▶ [What needs to be done] Beginning at the line that contains "Nike Air Force 1 Low 'Spliced Swoosh' GS-4" and finishing at the line that contains "Surub special prindere", output the data below exactly. Include both end lines and no pictures.

Data provided START

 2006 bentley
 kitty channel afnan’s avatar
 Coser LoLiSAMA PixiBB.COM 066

Data provided END
Data provided START

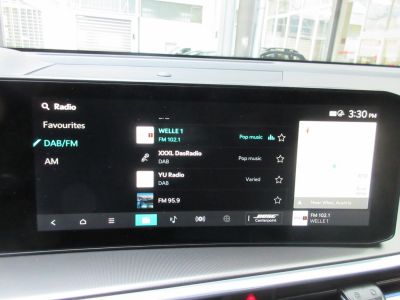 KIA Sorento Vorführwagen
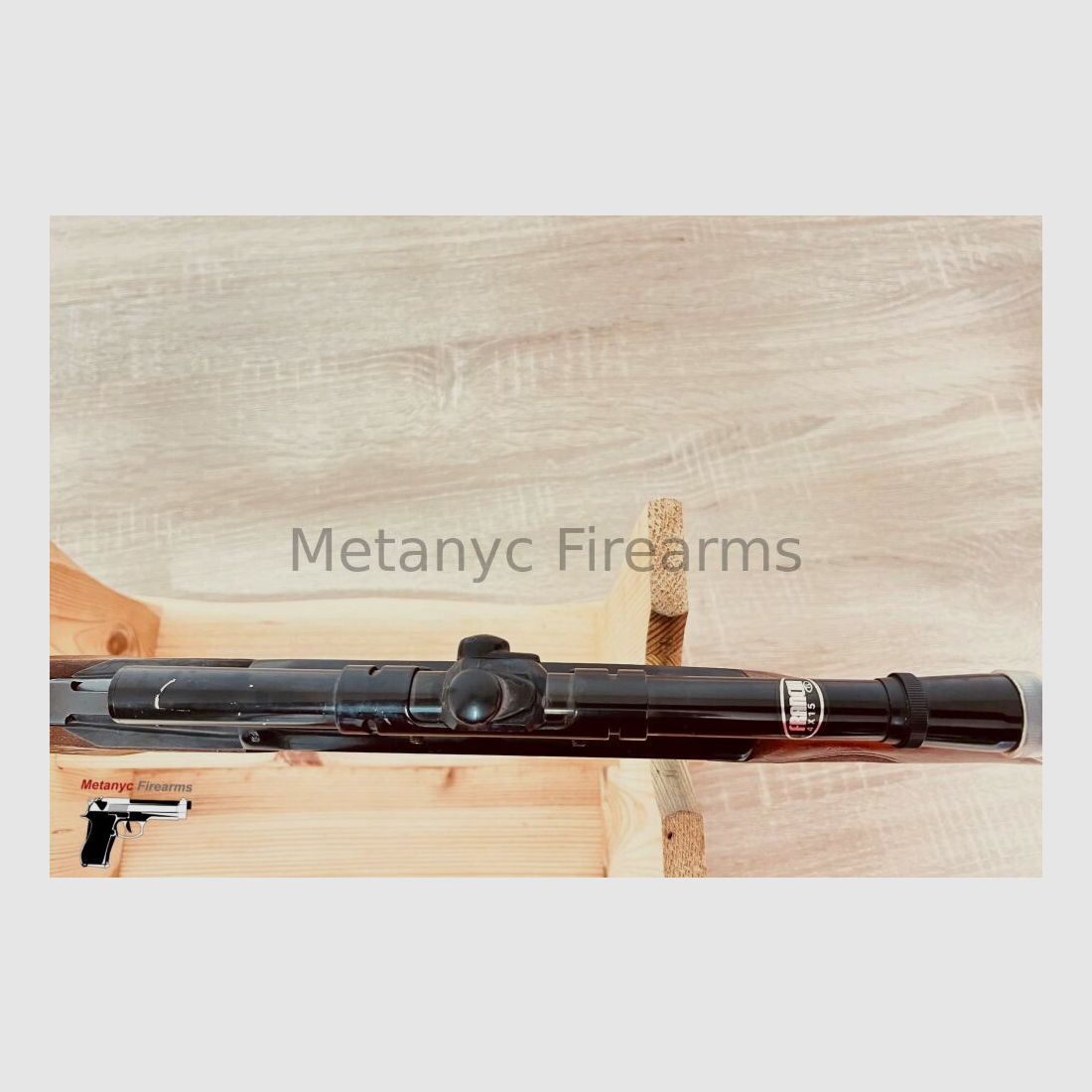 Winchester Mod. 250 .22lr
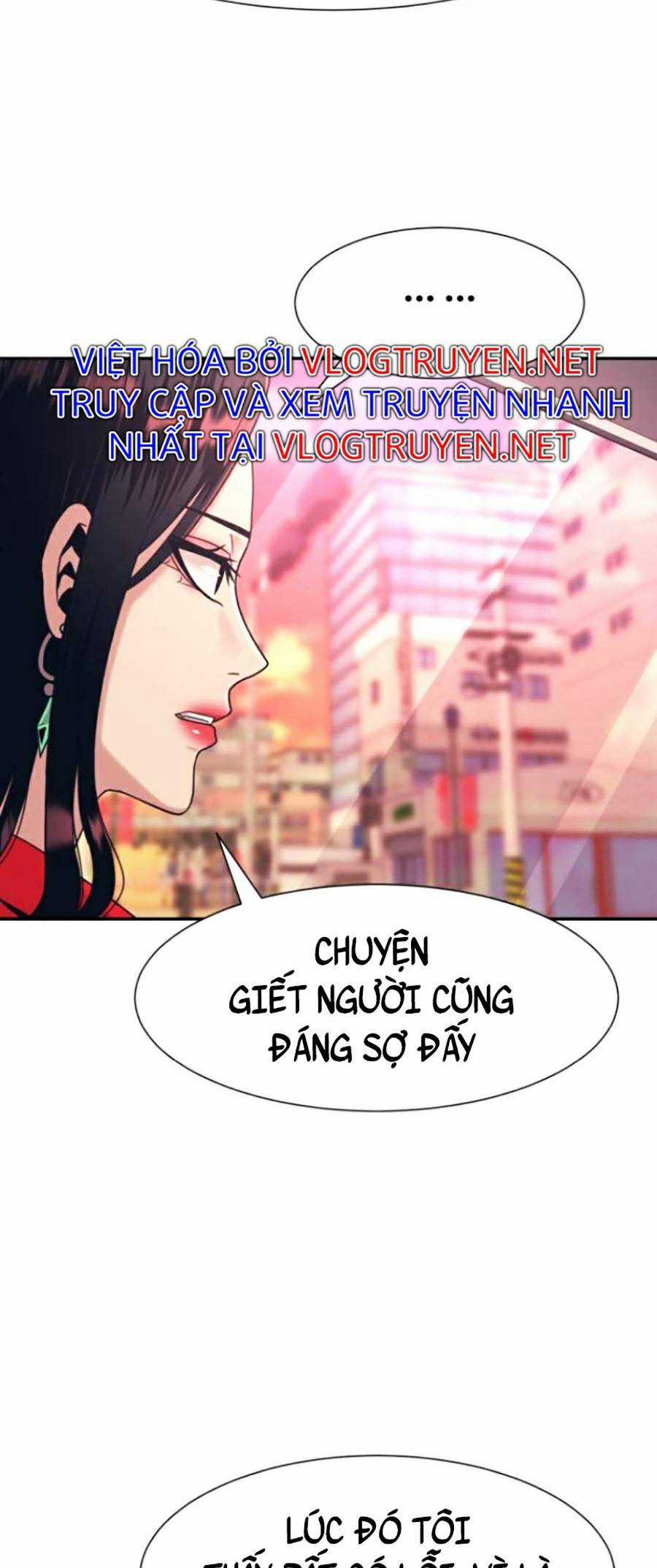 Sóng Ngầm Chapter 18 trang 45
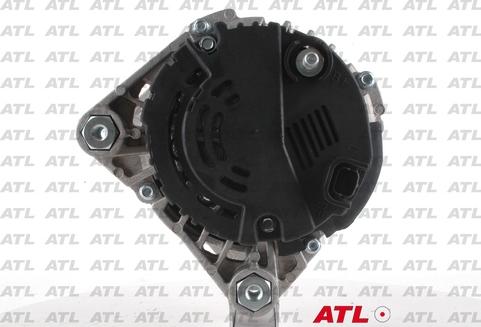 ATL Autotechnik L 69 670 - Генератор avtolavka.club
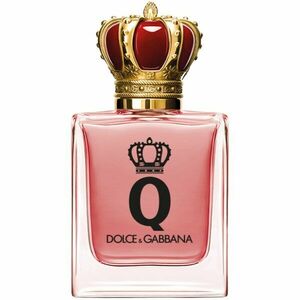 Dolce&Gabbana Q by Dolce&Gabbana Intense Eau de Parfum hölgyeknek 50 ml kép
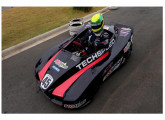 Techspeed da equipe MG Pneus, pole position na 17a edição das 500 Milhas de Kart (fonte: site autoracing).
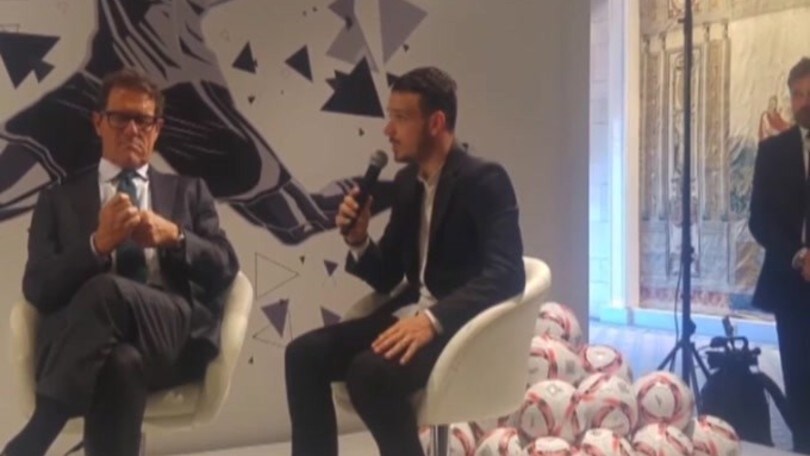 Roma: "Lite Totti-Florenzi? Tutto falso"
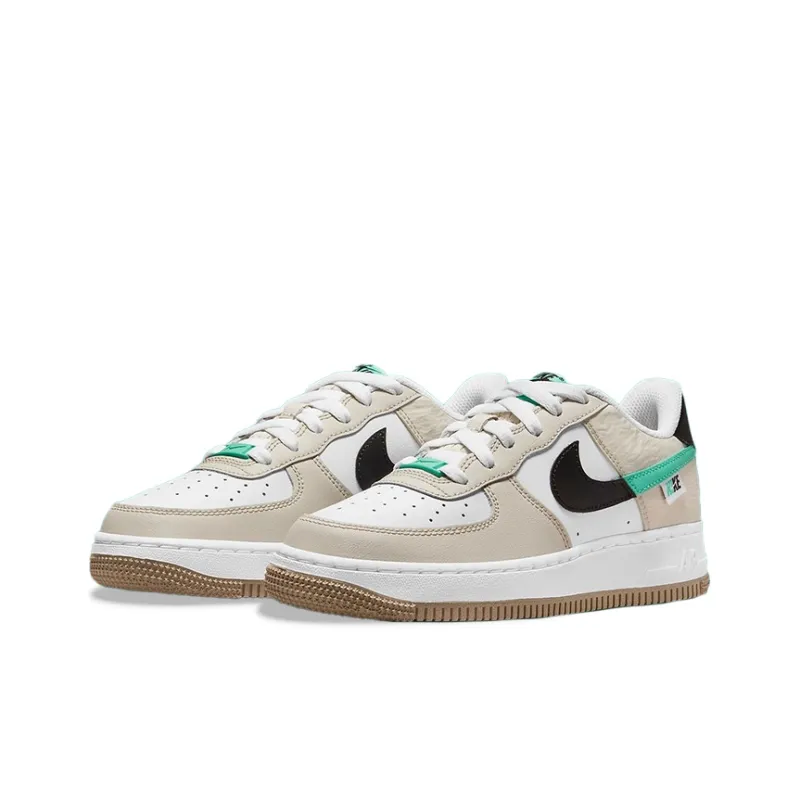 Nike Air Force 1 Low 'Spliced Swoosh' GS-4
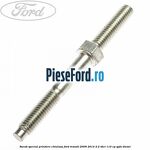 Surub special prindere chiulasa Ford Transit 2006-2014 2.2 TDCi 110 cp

Data provided END

▶ [Task solution]
 Nike Air Force 1 Low 'Spliced Swoosh' GS-4
 Surub special prindere chiulasa Ford Transit 2006-2014 2.2 TDCi 110 cp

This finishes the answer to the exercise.